NOTE ON ANNUAL FILING - FOR COMPANIES UNDER COMPANIES ACT 2013

NOTE ON ANNUAL FILING FOR COMPANIES

 

 

As an entrepreneur you might be thinking, what is Annual Filing for a Company? Why annual filing is important? Which are the forms we need to file? What are the documents required and when is the due date for Annual Filing? You can get answers for all your queries in this blog. Let us look into the questions one by one:

 

A.     What is Annual Filing for a Company?

 

Every company incorporated / registered in India, including private limited, limited company, one person company and section 8 company shall file financials and annual returns with ROC every year along with any other filings done during the year. This is a mandatory requirement even when there are no other filings or Company has no activities.

 

These filings can be done once in a year. Hence the terms are used as Annual Filing

 

B.     Why Annual Filing is Important?

 

For every Company Annual Filing will become important because of following Reasons:

1.            The major benefit of filing the ROC returns on time is that the company will be protected from the levy of penalty and punishments.

 

2.            For filing the ROC documents proper documents are required to be prepared by the company as a result company can determine its exact and accurate compliance position.

 

3.            The company will comply with the provisions of the Companies Act 2013 that will help in preventing the intervention of government in affairs of the company.

 

4.            The company who is complaint with the ROC filing procedure can make its better image and helps in improving its business image.

 

5.            When the Annual Filings are not done for consecutive 2 (Two) Financial Years, ROC can suo moto action to remove name from Register of Companies. Timely filing of Annual Accounts and Returns can avoid those Actions form ROC

 

6.            When the Annual Filings are not done for consecutive 3 (Three) Financial Years, Directors of such defaulting Company will become disqualified to Act as Directors in any other Company. Timely filing of Annual Accounts and Returns can avoid disqualification.

 

C.     Which are the forms we need to file? What are the documents required and when is the due date for Annual Filing?

 

A company is required to file three forms with ROC as a Part of Annual Filing.

 

1.      Form AOC-4: Form AOC-4 will contain details and annexure relating to Balance Sheet, Profit & Loss Account, Cash Flow Statement, Audit Report, Board’s Report with Annexures etc.,

 

Documents required for Form AOC-4:

i.                 Financials of the Company (Balance Sheet, Statement of Profit and Loss, Cash Flow Statement, Schedules along with notes to Accounts)

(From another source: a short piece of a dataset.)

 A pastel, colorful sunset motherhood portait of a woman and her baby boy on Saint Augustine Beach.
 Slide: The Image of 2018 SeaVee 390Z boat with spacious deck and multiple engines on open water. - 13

ii.                Board’s Report along with Annexures

iii.              Notice of Annual General Meeting – It is not a mandatory attachment. However, it is a prudent practice to attach it.

 

These are the basic documents required. Based on the size and turnover, listed and unlisted Companies, additional documents may be required.

 

Due date for Filing AOC-4 is 30 days from the date of Annual General meeting

 

2.      Form MGT-7 / MGT-7A: Form MGT-7/MGT-7A will contain the details of shareholding structure, change in directorship, Board and General Meeting details and details of the transfer of shares during the year if any etc.,

 

Documents required for Form MGT-7 / MGT-7A:

i.                 List of Shareholders

ii.                List of Directors

iii.              MGT-8 (Only if applicable)

 

These are the basic documents required. Based on the transactions, additional documents may be required.

 

Due date for Filing Form MGT-7/MGT-7A is 60 days from the date of Annual General Meeting

 

YOU MAY NOTE THAT THE MINISTRY OF CORPORATE AFFAIRS HAS EXTENDED THE DUE DATE FOR HOLDING AGM UP TO 30TH NOVEMBER 2021. The notification can be accessed in below link:

https://www.mca.gov.in/bin/dms/getdocument?mds=tLqU1aBUgBji27vFDdJOWg%253D%253D&type=open

 

YOU MAY FURTHER NOTE THAT THE MINISTRY OF CORPORATE AFFAIRS HAS WAIVED OF THE ADDITIONAL FEES FOR FILING AOC-4 AND MGT-7/7A, UP TO 31.12.2021 FOR THE FILINGS RELATED TO THE FINANCIAL YEAR ENDED 31.03.2021 The notification can be accessed in below link:

https://www.mca.gov.in/bin/dms/getdocument?mds=5qMjdDesXhBDFgDSplqkmA%253D%253D&type=open

 

ALL COMPNAIES CONDUCTED AGM MUCH BEFORE THE DUE DATE, FOR THE FINANCIAL YEAR ENDED 31.03.2021, CAN FILE AOC-4 AND MGT-7/7A WITHOUT ADDITIONAL FEES UP TO 31.12.2021 IRRESPECTIVE OF THEIR DUE DATE. HOWEVER, THE ADDITIONAL FEES FOR THE DELAY AFTER 31.12.2021 WILL BE CALCULATED FROM THE ORIGINAL DUE DATE.

 

 

3.      Form ADT 1: This form will be filed for auditor appointment. It is required to be filed only when the Auditor is getting re-appointed and when the Auditor is getting changed.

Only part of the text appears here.